In einer repräsentativen Umfrage hat die Diözese Rottenburg-Stuttgart vor kurzem ihre Mitglieder danach gefragt, ob die katholische Kirche ihrer Meinung nach gut auf die Zukunft vorbereitet sei. Etwa 80 Prozent der württembergischen Katholiken sind dieser Ansicht nicht. Die Kirche sei viel zu rückwärtsgerichtet, statt zukunftsoffen zu sein – das ist Kern ihrer Kritik. In diesen Spiegel zu blicken ist bitter, wenn mir meine Kirche etwas bedeutet.

Das allererste Wort, das uns vom öffentlichen Auftreten Jesu von Nazareth überliefert ist, ist eine Einladung. Sie lautet: „Das Reich Gottes ist nahe.
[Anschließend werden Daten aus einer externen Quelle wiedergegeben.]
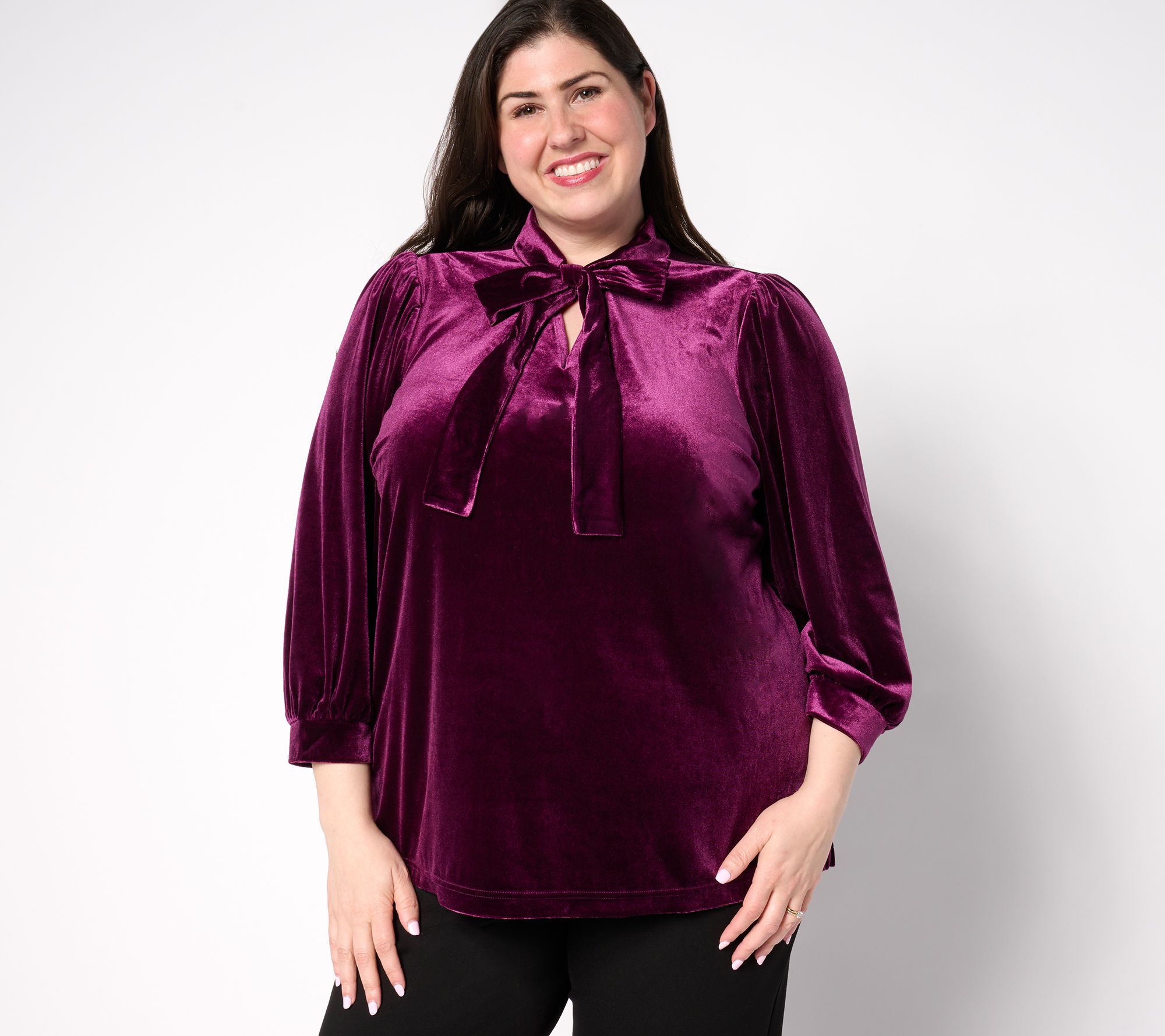 Belle by Kim Gravel Bellevet Tie Front Blouson Sleeve Top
Kehrt um und glaubt an das Evangelium.“ (Mk 1,15) Das griechische Wort metanoeite heißt im Deutschen eigentlich gar nicht „kehrt um“ oder gar „tut Buße“, wie es früher übersetzt wurde. Es heißt vielmehr: „denkt um“, „ändert euch in eurem Denken“. Jesus fordert nicht zum Rückzug auf, sondern lädt zum Aufbrechen ein. „Umkehr zur Zukunft“, so könnte man sagen. Und er bestätigt uns auch nicht darin, festzuhalten, auf Positionen und Machtansprüchen zu beharren; vielmehr ermutigt er zum freien, aufrechten Gang. Denn das Reich Gottes, von dessen Nähe da die Rede ist, ist ein Bild für Freiheit, für Lebensfülle. Es ist ein Bild für die Liebe und Menschennähe Gottes, die unsere Vorstellungen übersteigt. Es ist ein Bild großer Freude und nicht verzagter Angst.

Das adventlichste Ereignis in der Kirche war in diesem Jahr die Papstwahl Jorge Mario Bergoglios, der sich jetzt Franziskus nennt. Er hat seiner Kirche wieder den freien Blick nach vorne geöffnet. Er spricht und handelt in einer Weise, die völlig überraschend ist, obwohl sie doch eigentlich so selbstverständlich menschlich und christlich ist. Man sagt, er sei eigentlich ein konservativer Theologe; vielleicht muss er viel Mut aufbringen, seine inneren Hürden zu überspringen. Und noch mehr Mut braucht er sicher, um die äußeren Widerstände zu überwinden. Denn natürlich sind nicht wenige erschrocken über das, was er sagt und tut. Aber für mich und wohl auch für viele andere – Christen und Nichtchristen – leuchtet in Papst Franziskus wieder eine ansteckende Freude am Glauben auf. Warum? Weil er den Menschen nahe ist, weil er Vertrauen und eine große innere Freiheit ausstrahlt. Der Papst aus Argentinien will Gott nicht in der angstvoll konservierten Vergangenheit suchen und finden, sondern er erwartet, dass Gott auf uns zukommt im stets offenen und überraschenden Morgen.